Antes de cair no chão, uma fagulha de memória se acendeu em minha mente. Tive a
imagem de uma lança transfixando o peito da mulher do quadro. Vi morrer minha dama
de olhos azuis. Novamente a perdi.
Fabiana me segurava pelos ombros,
enquanto eu chorava convulsivamente. Ao me deparar com o olhar preocupado de
minha amiga, foi que tive consciência de que havia tido mais um sonho. Tomei a
água que ela me oferecia e me sentei na cama. Estava com o corpo febril e os
ouvidos zuniam como se submetidos a um estampido. Não conseguia ouvir direito o
que Fabiana me dizia, nem conseguia falar. Fiquei assim aturdida por alguns
instantes. Minha amiga abriu as janelas do quarto. Já era meio-dia. Respirei
fundo, buscando o ar que me faltava e ousei me erguer. Atravessei o quarto,
pisando em sonho e realidade. Encostei-me na sacada da janela. A piscina
cintilava e o dia estava lindo. Em nada se parecia com o dia de nevasca que
acabara de experimentar nos arredores de Londres.
Fabiana se encostou ao meu lado
e, ali mesmo, enquanto apreciávamos a vista, recuperei os batimentos de meu
coração e lhe contei meu novo encontro com a moça de olhos azuis. E o mais
estranho: apenas os olhos se mantinham iguais ao do outro sonho, não o corpo,
tampouco a face.
Aquele domingo foi mais
melancólico que o de costume. O sonho me perseguiu cada segundo.
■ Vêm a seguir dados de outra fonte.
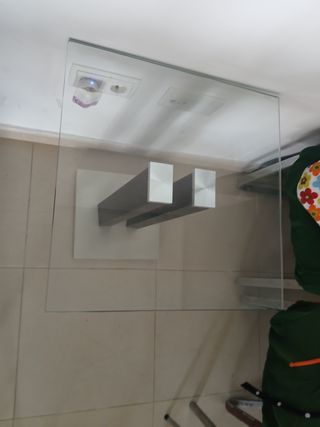 Mesa centro cristal y madera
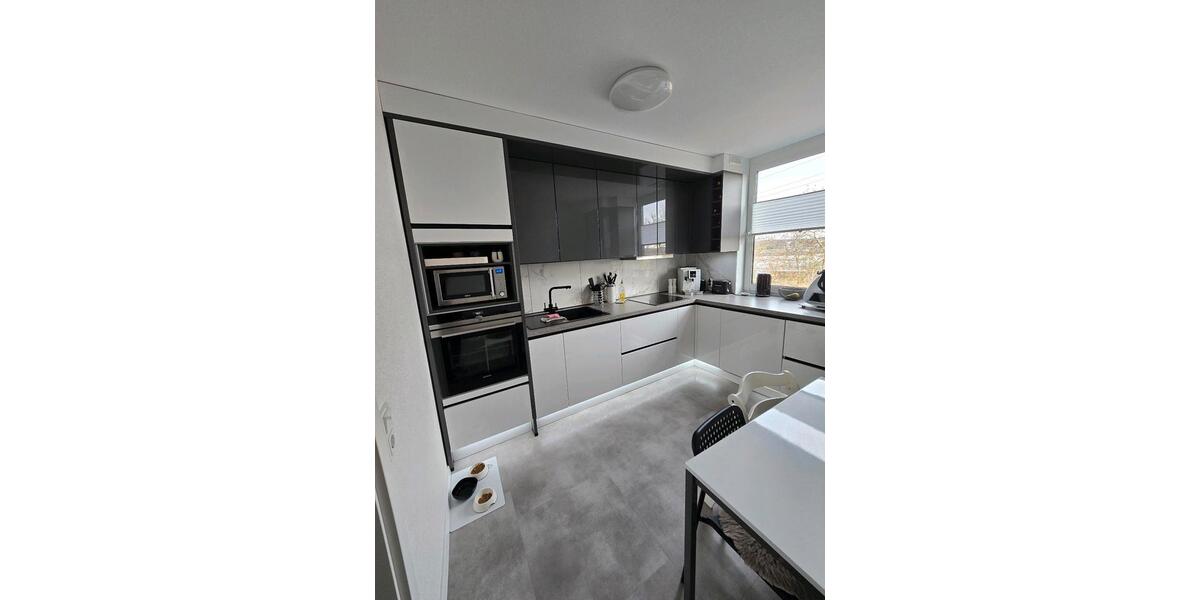 Etagenwohnung Ratingen Tiefenbroich - 3 Zimmer, 92 m&sup2;, 300.000&euro; | Angebot:26517243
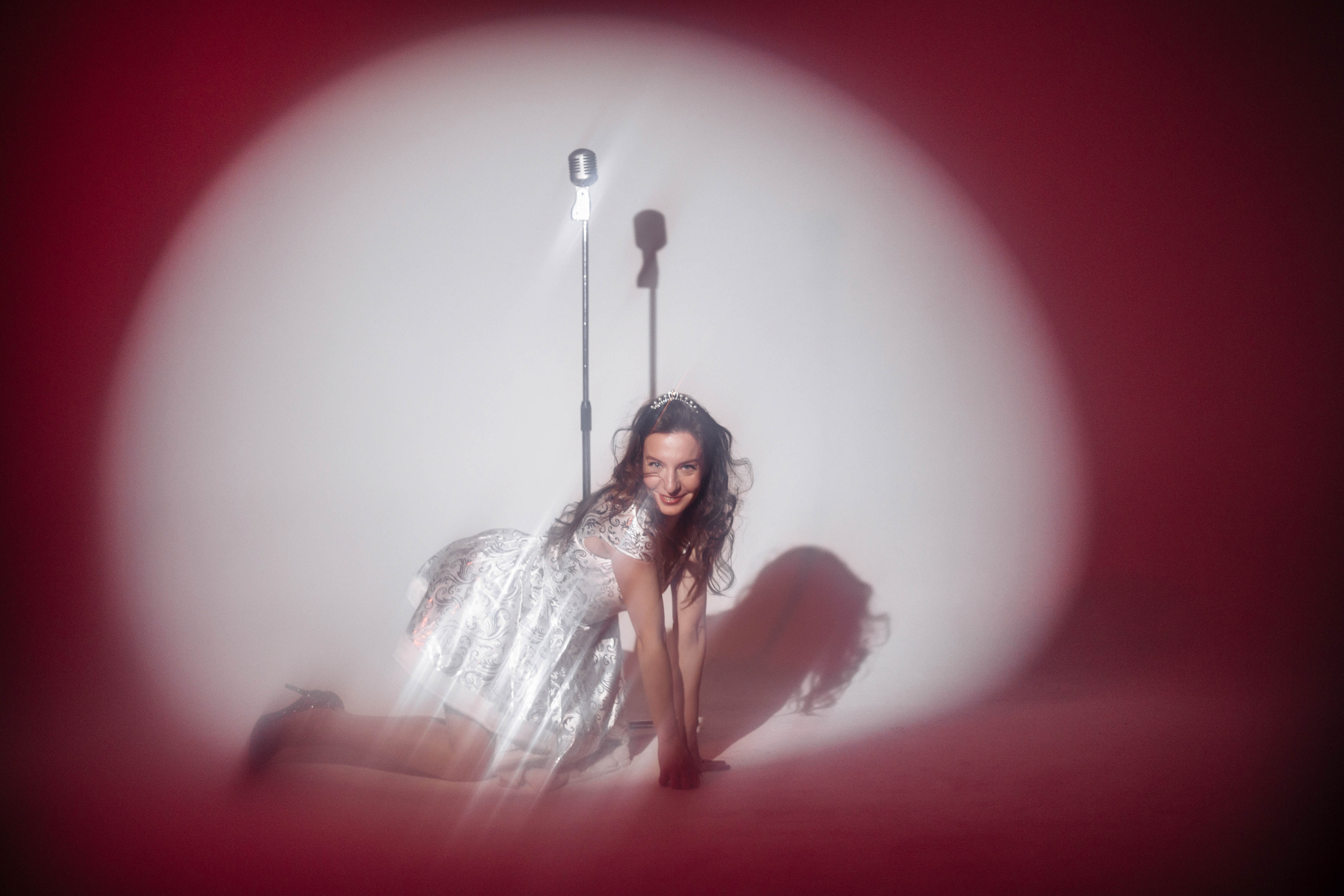 Таня. Ретромиркофон. Свадебный фотограф Ян Хведчин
À tarde, nos
encontramos com Natascha e Vitor, seu filho, para um passeio na feirinha hippie
e uma água de coco. Depois, andamos pelo calçadão e encontramos Evandro e
Camilo, que tomavam um sorvete numa barraquinha em frente ao mar, como de
costume. Ficamos ali jogando conversa fora, nos preparando para segunda, que
começava com a aula chatíssima da bela professora de Direito Internacional. Os
olhos azuis, todavia, não me deixavam nem por instante. Vira e vexe, me via
procurando por ele entre os passantes.
A semana começou e continuei
minha vida tentando dar a ela os mesmos ares de normalidade. Eu e Fabiana
começamos o estágio; as provas da faculdade estavam terminando; Evandro, Camilo
e Natascha programavam nossa noite de ano novo; a professora de dança havia me
convidado para a confraternização da academia e meus pais estavam novamente
amorosos. Apenas um sentimento permanecia me incomodando: era o desejo insano
de reencontrar a moça de olhos azuis que sempre me embalava antes do sono.